Training Surrogates#

run_training.py converts your benchmark config into a concrete list of training jobs, executes them sequentially or in parallel, and saves everything under trained/<training_id>/. All surrogates share the same pipeline: they learn trajectories represented at fixed timesteps, but the models learn to predict the state at any continuous time within the training horizon given an initial condition (and optional physical parameters).

From config to task list#

  1. Ordered surrogates — the entries under surrogates, batch_size, and epochs must align. The i‑th surrogate uses batch_size[i] and epochs[i].

  2. Main run + modalities — for each surrogate, CODES always schedules a "main" task. Modalities (interpolation, extrapolation, sparse, batch_scaling, uncertainty) add additional tasks: one per value you list, per surrogate. For example, enabling interpolation with 4 intervals on 2 surrogates yields 2 (surrogates) × 4 (intervals) extra trainings. Modalities act as stress tests (scaling curves) rather than new architectures.
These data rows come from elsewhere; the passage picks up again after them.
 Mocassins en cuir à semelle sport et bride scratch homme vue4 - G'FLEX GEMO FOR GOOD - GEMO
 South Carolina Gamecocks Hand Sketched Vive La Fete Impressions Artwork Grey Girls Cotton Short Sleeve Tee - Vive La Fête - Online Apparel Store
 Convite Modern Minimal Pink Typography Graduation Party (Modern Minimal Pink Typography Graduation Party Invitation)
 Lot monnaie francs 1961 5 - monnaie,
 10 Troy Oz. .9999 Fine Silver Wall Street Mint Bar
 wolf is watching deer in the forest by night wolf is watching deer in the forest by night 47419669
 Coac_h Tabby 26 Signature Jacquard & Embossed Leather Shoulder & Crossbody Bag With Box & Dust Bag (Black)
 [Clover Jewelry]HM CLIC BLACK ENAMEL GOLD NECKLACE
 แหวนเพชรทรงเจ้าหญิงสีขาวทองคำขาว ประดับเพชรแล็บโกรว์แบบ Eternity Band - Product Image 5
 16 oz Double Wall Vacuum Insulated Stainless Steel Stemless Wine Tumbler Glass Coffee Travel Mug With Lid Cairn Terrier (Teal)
  3. Task persistence — tasks are written to trained/<training_id>/task_list.json. Completed tasks are removed from this file. If you interrupt and re-run run_training.py, remaining tasks resume automatically.

  4. Config snapshot — the script copies your config.yaml into trained/<training_id>/config.yaml. Evaluation uses this snapshot to verify compatibility.

Execution model#

python run_training.py --config config.yaml
  • Devicesrun_training.py reads config.devices. If you pass a single entry (e.g., ["cuda:0"] or "cpu"), tasks run sequentially. Multiple entries trigger a thread per device; each worker pops tasks from a queue and calls train_and_save_model.
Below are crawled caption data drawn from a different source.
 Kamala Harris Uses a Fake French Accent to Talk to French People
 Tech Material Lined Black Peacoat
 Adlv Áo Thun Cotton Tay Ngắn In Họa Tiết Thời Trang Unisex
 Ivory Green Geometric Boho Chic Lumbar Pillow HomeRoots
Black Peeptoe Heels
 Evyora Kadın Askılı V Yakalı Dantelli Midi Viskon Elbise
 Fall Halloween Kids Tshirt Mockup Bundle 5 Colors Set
  • Determinism — seeds are derived from the base seed plus the modality value so ensemble members differ but remain reproducible.
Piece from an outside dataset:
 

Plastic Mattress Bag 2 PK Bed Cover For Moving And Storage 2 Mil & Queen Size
  • Data loading — the script downloads/preprocesses the requested dataset once per run and reuses logarithmic/normalization settings from the config.

  • Checkpointing — setting checkpoint: true stores intermediate checkpoints via the shared validate logic. Otherwise only the final model (per task) is saved as <surrogate>_<mode>_<metric>.pth under trained/<training_id>/.

  • Failure handling — failed tasks stay in task_list.json. Fix the root cause and rerun to continue. When all tasks finish successfully, the task list is deleted and completed.txt is written.

Modalities vs. evaluation switches#

Modalities directly increase the number of models to train. See :doc:modalities for the available studies and their impact. Evaluation switches (losses, gradients, timing, compute, compare, iterative) do not create extra training tasks—they only control which analyses run later (details in :doc:evaluation). Plan your training duration around the modalities you enable.

Practical tips#

  • Profiling new configs? Lower epochs/batch_size temporarily, or set dataset.subset_factor to work on fewer trajectories.

  • Keep training_id unique per experiment so you can compare checkpoints across branches.

  • If you plan to resume frequently, commit the generated trained/<training_id>/config.yaml alongside your original config for traceability.